A uniform limit of Sobolev functions is Sobolev?

Question

Let $\Omega \subseteq \mathbb{R}^n$ be an open set, and suppuse $f_n \in W^{1,p}(\Omega) \cap C(\Omega)$ uniformly converge to some $f$. Is it true that $f \in W^{1,p}(\Omega)$?

I guess not, but I don't have a counter example.

Answer 1

For a counterexample, let $n=1$, $\Omega=(0, 1)$, and let $f$ be any continuous function on $[0, 1]$ that is not in $W^{1,p}(\Omega)$ (e.g., $f(x) = x\sin(1/x)$, or take the Weierstrass function for extra emphasis.) Recall that any continuous function on $[0, 1]$ is a uniform limit of polynomials.

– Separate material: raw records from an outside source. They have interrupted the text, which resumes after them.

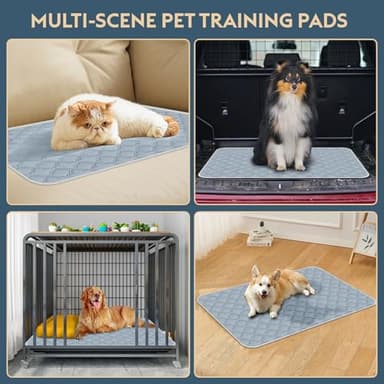 FunFurry Washable Guinea Pig Cage Liner - 2 Pack Reusable Washable Pee Pads，Waterproof Guinea Pig Bedding for Small Animal - Rabbit Bunny Hamster Puppy (Light Grey, 24" X 47" - 2 Pack) - Image 7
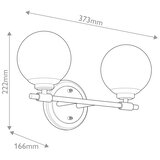  Kichler KL-BENNO2-CPZ - LED kupatilska svetiljka BENNO 2xG9/3W/230V IP44 mesing | Eponuda.com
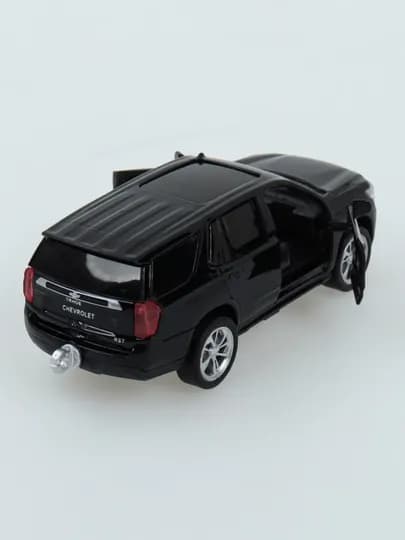 Металлическая машина Tahoe со звуком, светом, музыкой и открывающимися дверями — KIDZY-TAHOE01-ЧЕРН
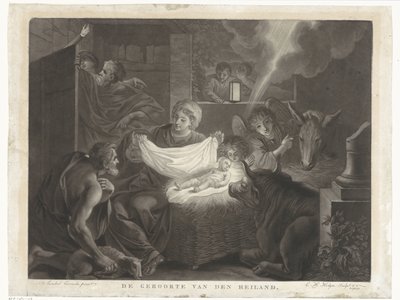 Birth of Christ and Adoration by Shepherds by Charles Howard Hodges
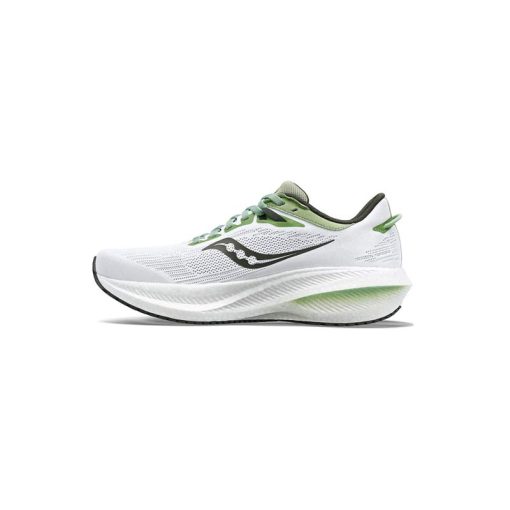 کتانی رانینگ ساکونی سفید سبز Saucony Triumph 21 White Umbra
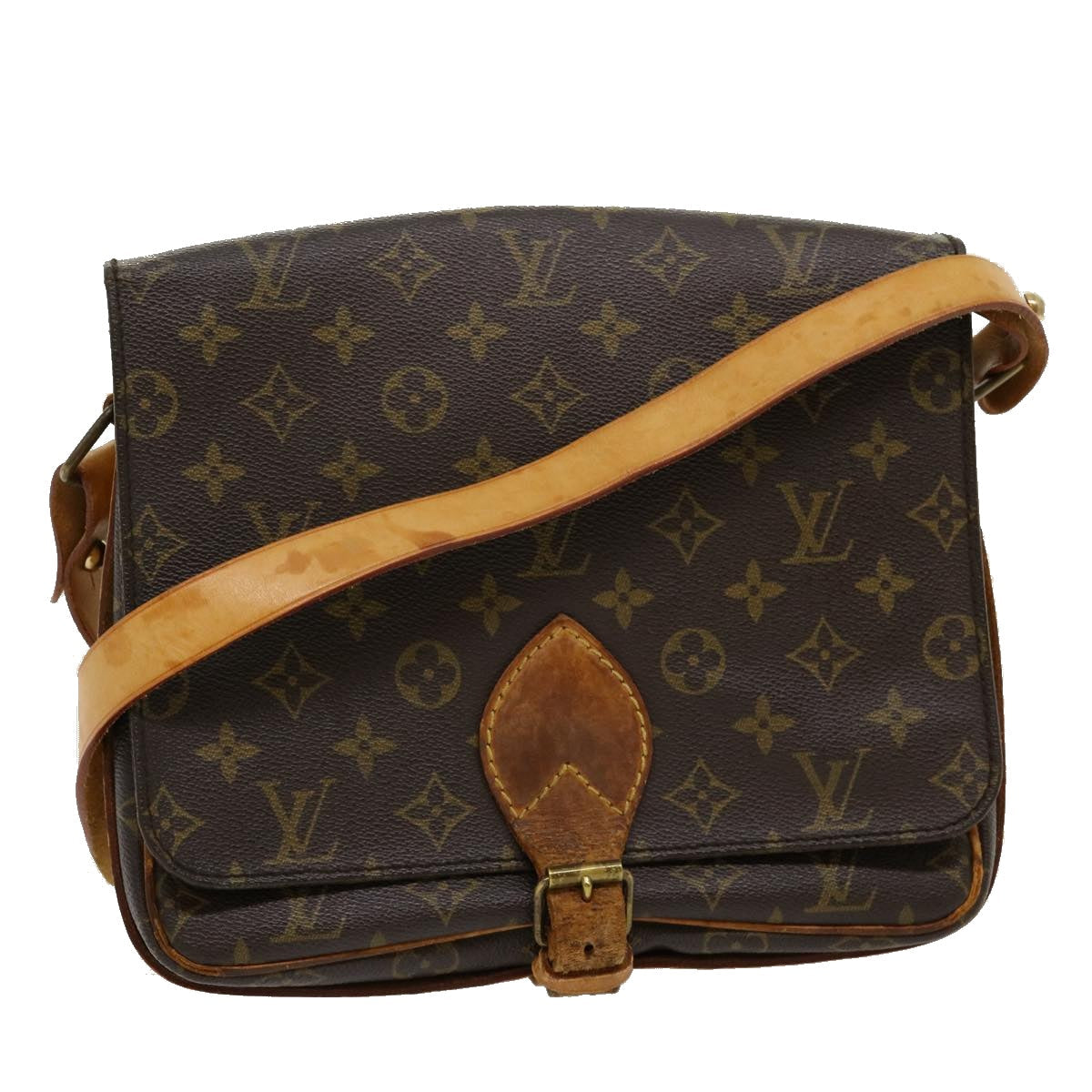LOUIS VUITTON Monogram Cartouchiere GM Shoulder Bag M51252 LV jk2112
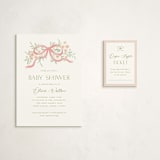 "Sweet Child" - Baby Shower Mini Insert Cards in Blush by Paper Raven Co. - With Invitation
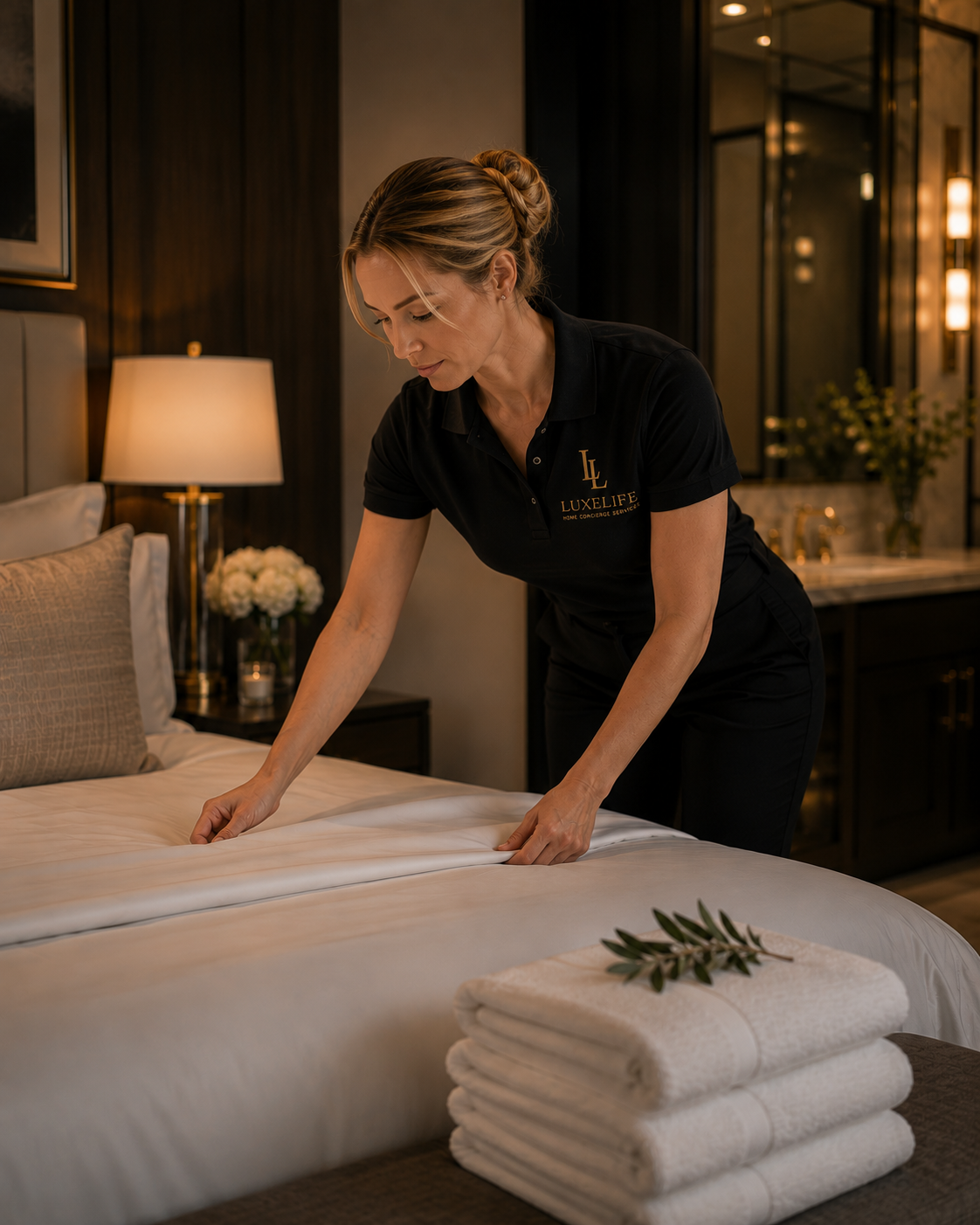 A LuxeLife Home Concierge at work in a client's residence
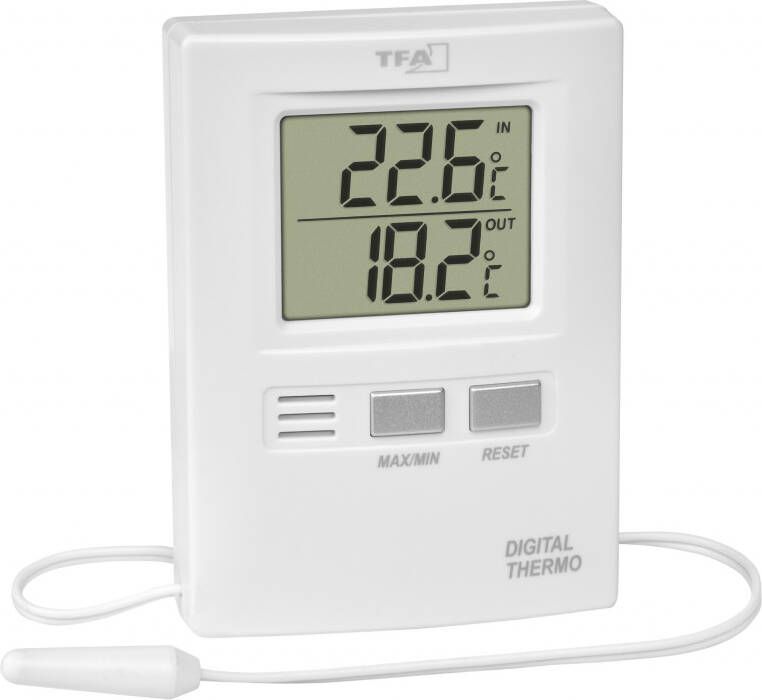 Onbekend Thermometer meetbereik buiten -50 tot 70 graden C binnen -10 tot 60 grad. C H85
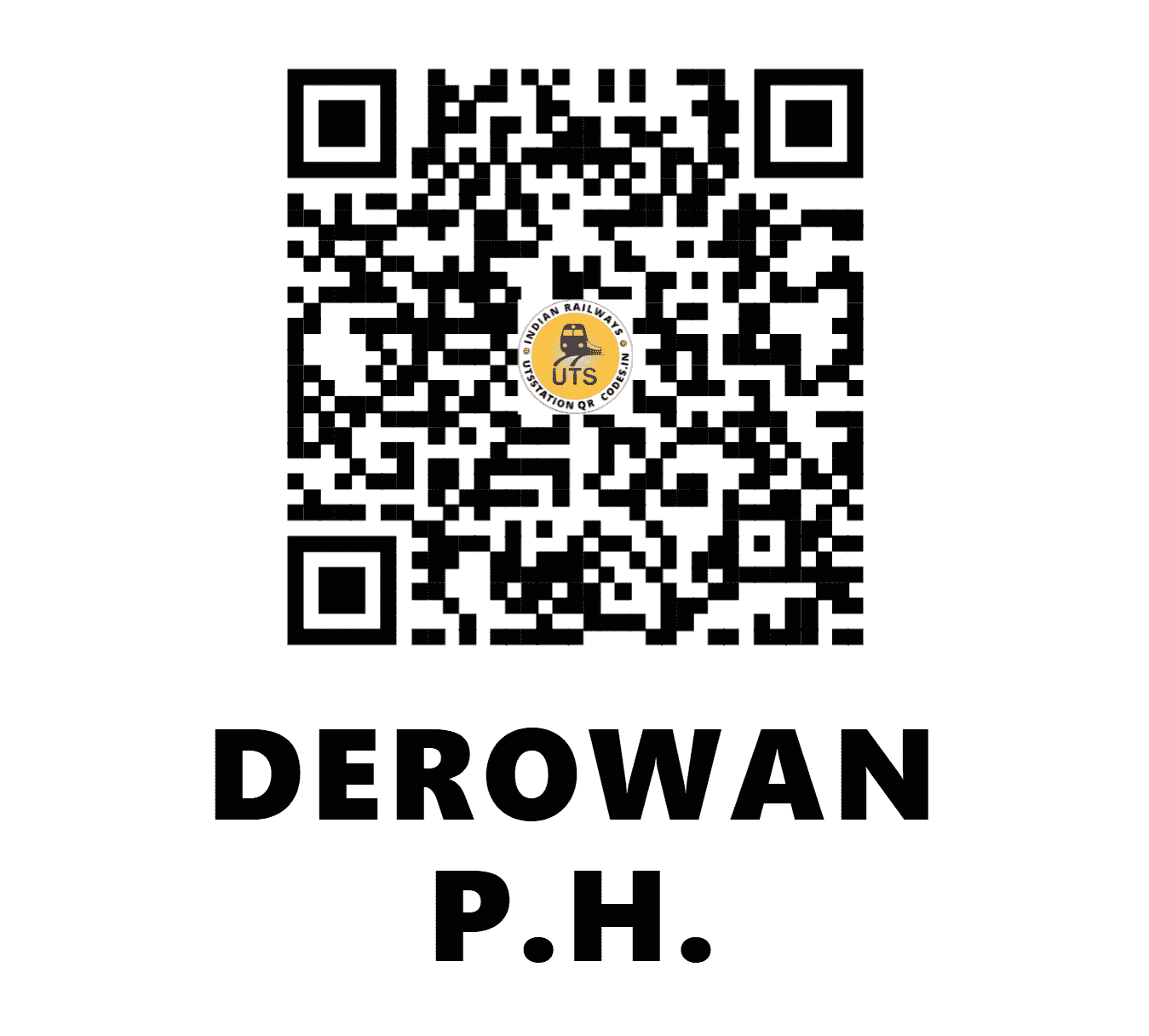 UTS QR Code for DEROWAN P.H. - DRWN - SE (JHARKHAND)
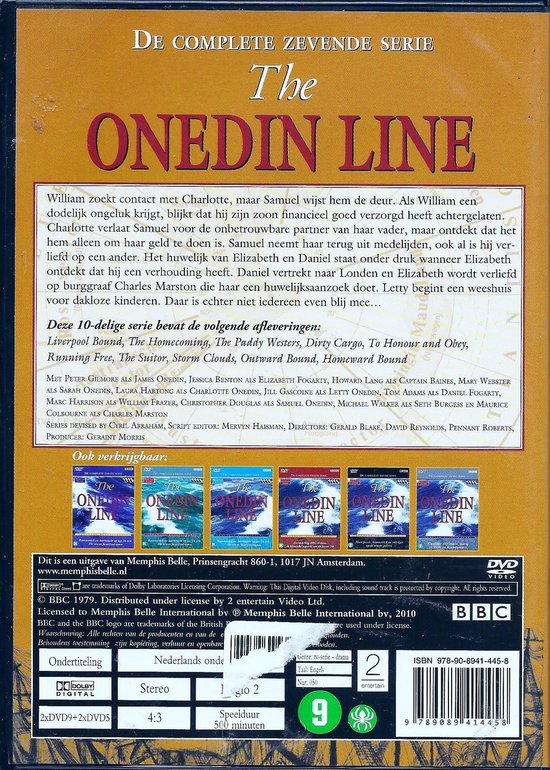 Boxset van The Onedin Line, zevende complete serie op DVD. Met afbeeldingen van de DVD-hoezen.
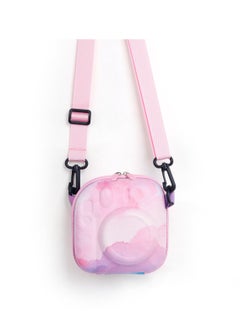 Generic Colorful Hard EVA Case for Fuji Instax Mini 12/Mini 40/ Mini 11/Mini 99/Mini 90/ Mini 9/Mini 8/Mini 7+ Camera Instant Camera Storage Bag with Shoulder Strap - Dreamy Cloud  - Image 5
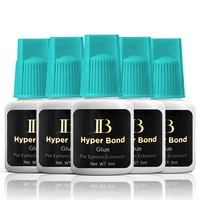 10 Bottles  IBeauty Hyper Bond Glue for Eyelash Extensions Professional 5ml Korea Cyan Cap False Lash Adhesive Makeup Tools 2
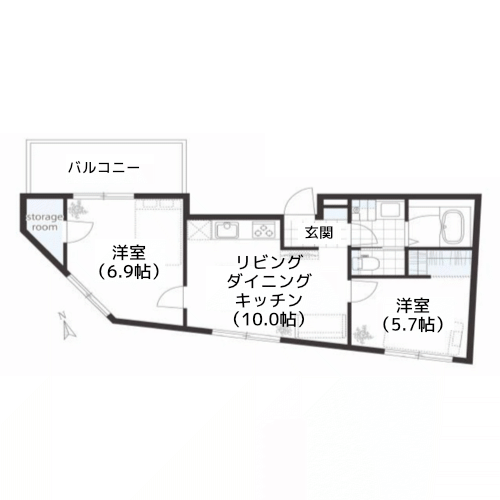 オーキッド尾山台 - 間取り図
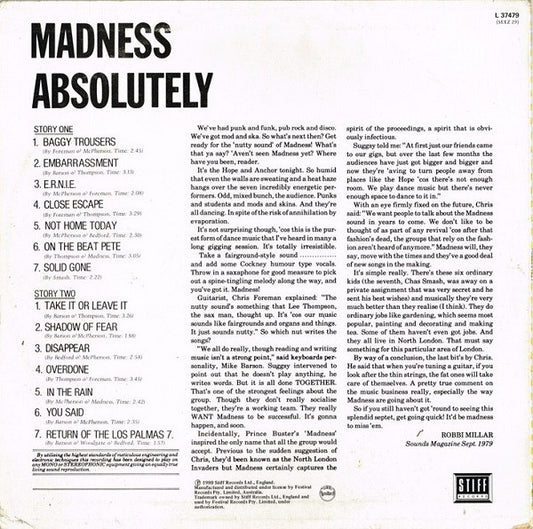 Madness : Absolutely (LP, Album)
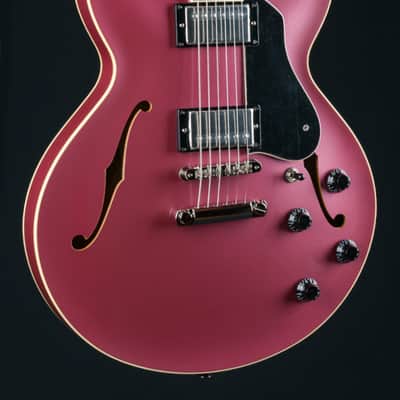 Collings I-35 LC Metallic Burgundy Mist Semi-Hollow Body Custom NEW - Metallic Burgundy Mist image 1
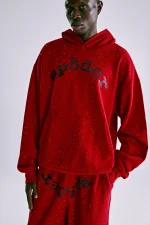 Sp5der Vvs Red Hoodie 3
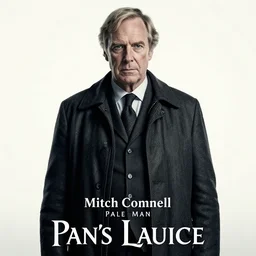 character poster for Mitch Mcconnell as the Pale Man in Pan's Labyrinth, promotional material, 8k photography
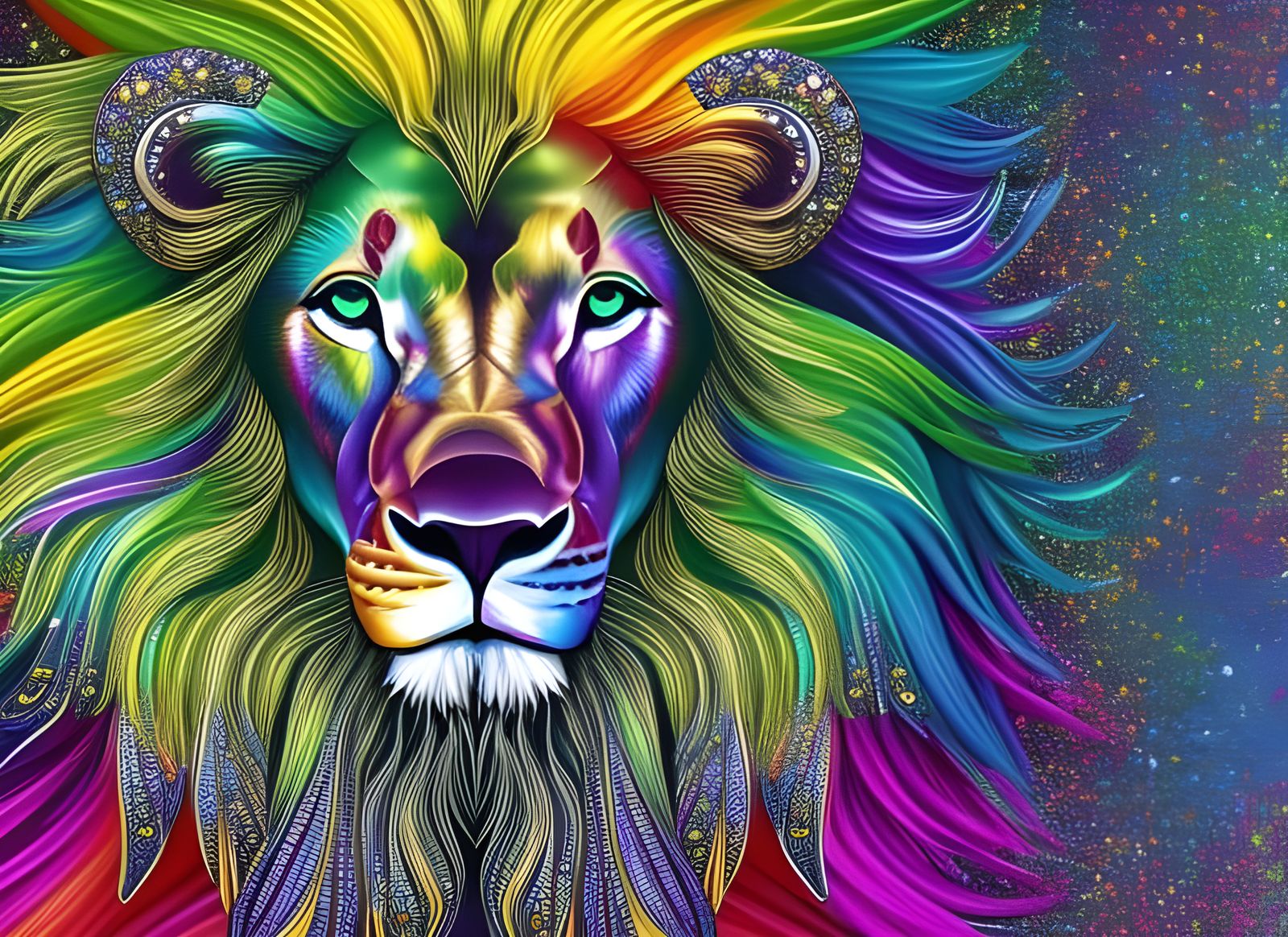 Rainbow Cosmic Lion
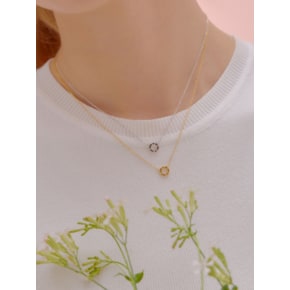 미니 단델리온 실버화이트 목걸이 TNSSVW13894S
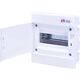 Tablou electric PVC, 8 module, incastrat, ETI, IP40, cu usa mata, 001101014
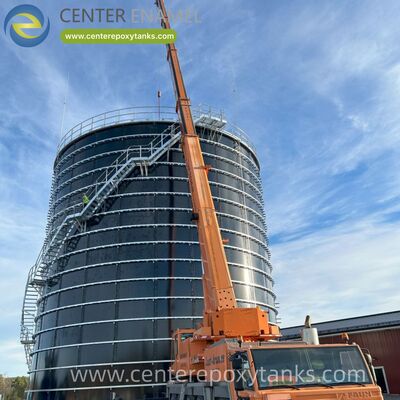 ถังเหล็กผูกเอโป็กซี่แบบบอลท์เป็นถังน้ําเสียโรงงานกระดาษ: ออกแบบให้ทนต่อสารใยสูงและซากผงบด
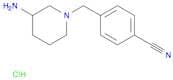 4-((3-Aminopiperidin-1-yl)methyl)benzonitrile hydrochloride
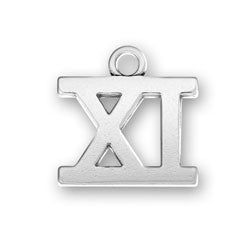 Roman Numeral XI Charm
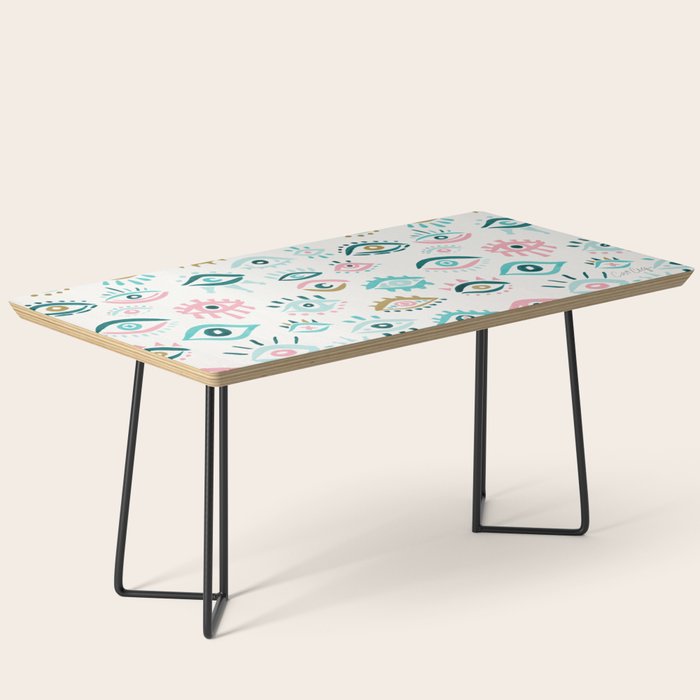 Mystic Eyes - Turquoise & Pink Coffee Table Gallery Image 1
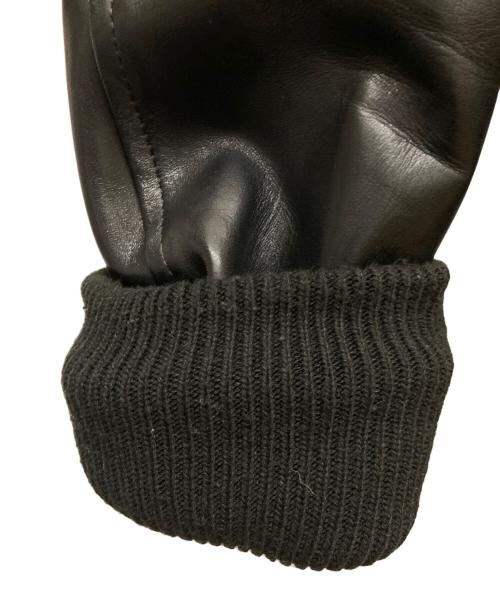 VADEL（バデル）VADEL (バデル) 袖レザージャケット ブラック サイズ:SIZE 44の古着・服飾アイテム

However, the answer is yes if $1<p<\infty$ and the $W^{1,p}$ norms of $f_n$ are bounded by some constant independent of $n$. Indeed,

1. Since $W^{1,p}(\Omega)$ is reflexive, closed balls are weakly compact; hence, there is a weakly convergent subsequence $f_{n_k}\to g$, where $g\in W^{1,p}(\Omega)$.
2. We have $f_{n_k}\to f$ uniformly, hence $f_{n_k}\to f$ in the sense of distributions. We also have $f_{n_k}\to g$ weakly, hence $f_{n_k}\to g$ in the sense of distributions. And since a distributional limit is unique, $f=g$.
3. Conclusion: $f\in W^{1,p}(\Omega)$.

The above argument still works for $p=\infty$, using weak* topology. It fails for $p=1$, and so does the result: a bounded sequence in $W^{1,1}$ may converge uniformly to a function that is not in $W^{1,1}$.